Bappenas Teken Joint Declaration of Intent dengan Airbus
Menteri Perencanaan Pembangunan Nasional/Kepala Bappenas (PPN/Bappenas) Rachmat Pambudy mengungkapkan bahwa Joint Declaration of Intent (JDI) antara Bappenas dengan produsen pesawat Airbus memperkuat pengembangan ekosistem industri kedirgantaraan Indonesia. Hal ini mencerminkan perlakuan dan perkuatan kapasitas industri kedirgantaraan Indonesia untuk menjadi bagian dari rantai pasok dan nilai global.

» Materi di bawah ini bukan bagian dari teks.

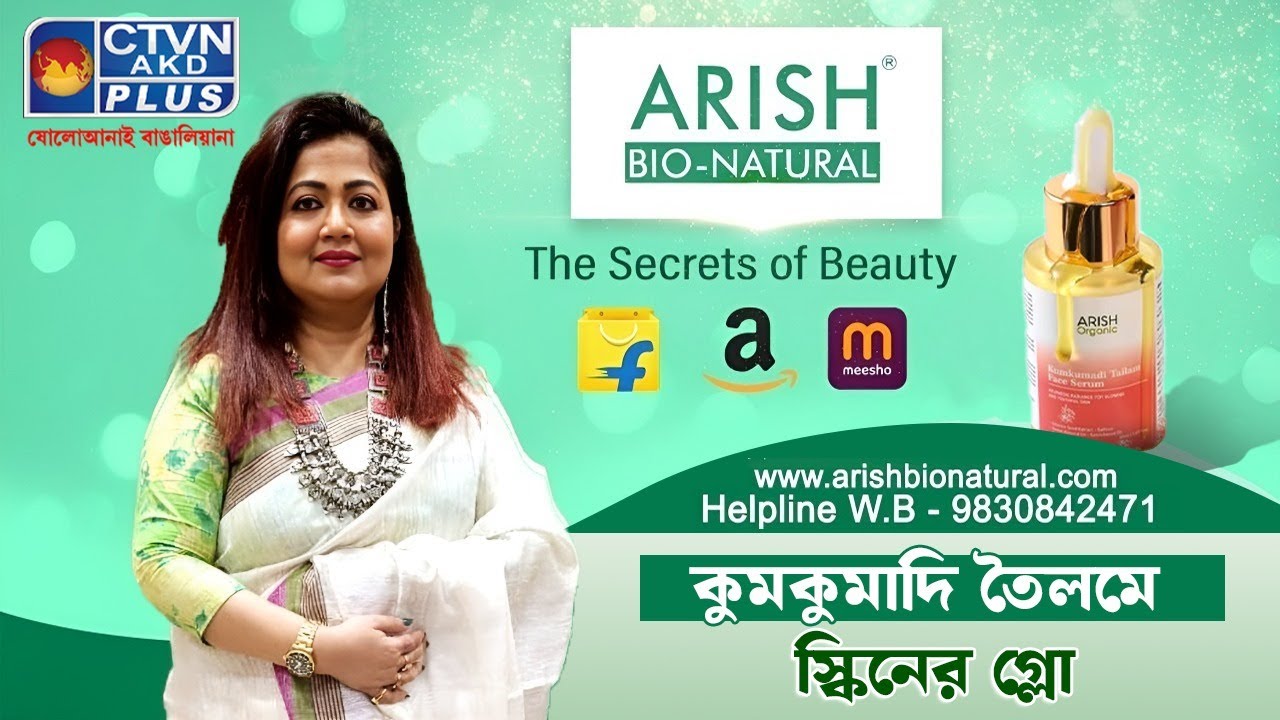কুমকুমাদি তৈলম স্কিনের গ্লো | ARISH BIO NATURAL #beauty #glowingskin #beautytips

Ekspansi Industri Kedirgantaraan Indonesia
Rachmat menjelaskan bahwa dengan peta jalan industri kedirgantaraan yang telah disusun oleh Kementerian PPN/Bappenas, pengembangan ekosistem industri kedirgantaraan terus diawasi dan dikembangkan. Saat ini, jumlah armada aktif di sektor udara sekitar 550 unit dan diproyeksikan akan meningkat menjadi 1.900 unit pada tahun 2045, dengan kemungkinan pertumbuhan yang lebih besar lagi.
Tingkat kunjungan perjalanan udara di Indonesia saat ini sekitar 0,4 perjalanan per kapita per tahun dan diperkirakan akan meningkat signifikan menjadi 1,4 perjalanan per kapita per tahun dalam dua dekade mendatang. Proyeksi ini sejalan dengan pertumbuhan trafik penumpang udara yang diperkirakan mencapai 477 juta penumpang dengan pertumbuhan rata-rata 7,4 persen per tahun, melebihi rata-rata pertumbuhan global.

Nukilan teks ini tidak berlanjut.